Nevertheless, she vowed to pick a more "youthful" song for the finale.

Sparks and Lewis will perform three songs each tonight: One provided through the "Idol" songwriting competition, one of their own choosing, and one that they performed on the show earlier.

Neither singer would reveal those choices or what the "Idol" song might sound like.

The praised each other, and vowed that losing wouldn't be horrible.

"I really do want to win," Sparks said. "At the same time, if I don't it's not going to be the end of the world and it's not going to be 'Oh my gosh, I'm never going to sing again.' "

Lewis said a vote for him is for "people out there who like to use their imagination and be creative every day to promote positivity.

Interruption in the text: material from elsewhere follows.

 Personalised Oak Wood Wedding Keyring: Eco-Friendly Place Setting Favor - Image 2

"I won when I got into the top 10," he said. "I've already reached my goal, regardless whether I win or lose, I'm a winner already."


(Parts of the following transcripts have been reported here earlier. These are the complete questions and answers. However saluations and congratulations have been removed for the purposes of brevity)

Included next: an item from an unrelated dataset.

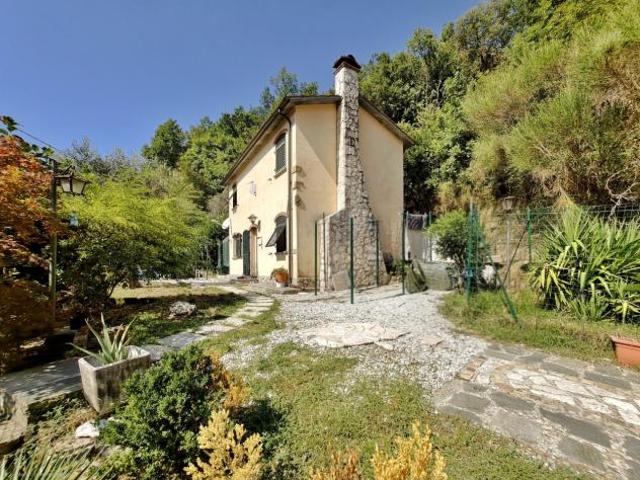 Appartamento in vendita a Caniparola, Fosdinovo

TV Guide: So what can you reveal to us, what can you share about what you're singing next week? It's three songs, right?

We're doing one that was picked for the songwriting contest, one that we pick and one that we've done from the past, and that's all I can reveal.

US Weekly: So when did you realize that you would no longer be Shorty from Bothell and instead you were Blake Lewis from American Idol? Has it hit you yet? I know you weren’t really a student of the show beforehand.

I will forever be Shorty from Bothell. But when I came home, it was amazing to see all the support from everybody. Now I guess, I'm Blake Lewis to the world, but will always still be Shorty from Bothell.

Wireless Flash News: You've kind of been a fashion icon throughout American Idol, kind of like the guy that has the most style on the show. Who is your fashion icon and are you thinking about possibly starting a fashion line, once you get into more of the music business?

I don't think I have a fashion icon. I'm just really into poppy bright colors mixed with — more of a hip-hop fashion mix with like sheik stuff. My old roommate was a stylist and I just — people think I have some style because I don't wear jeans. I like to wear my grandpa pants, as I call them or the grandpa slacks with the cool patterns. I just like to have run with whatever I wear, depending on what mood I'm in.

Atlanta Journal Constitution: When did you first start beat-boxing and who inspired you to do so?

Actually, I started around '98, no, it was '99, a man named Matthew Selby. He was in a group called Impact, which is Rudy Cardenas' group, who was on the show in the Top 24, who I've been friends with for many years. I'd been doing it subconscious my whole life. As soon as I actually saw someone do it, it became conscious and I could do it after that, and I haven't stopped making noise since.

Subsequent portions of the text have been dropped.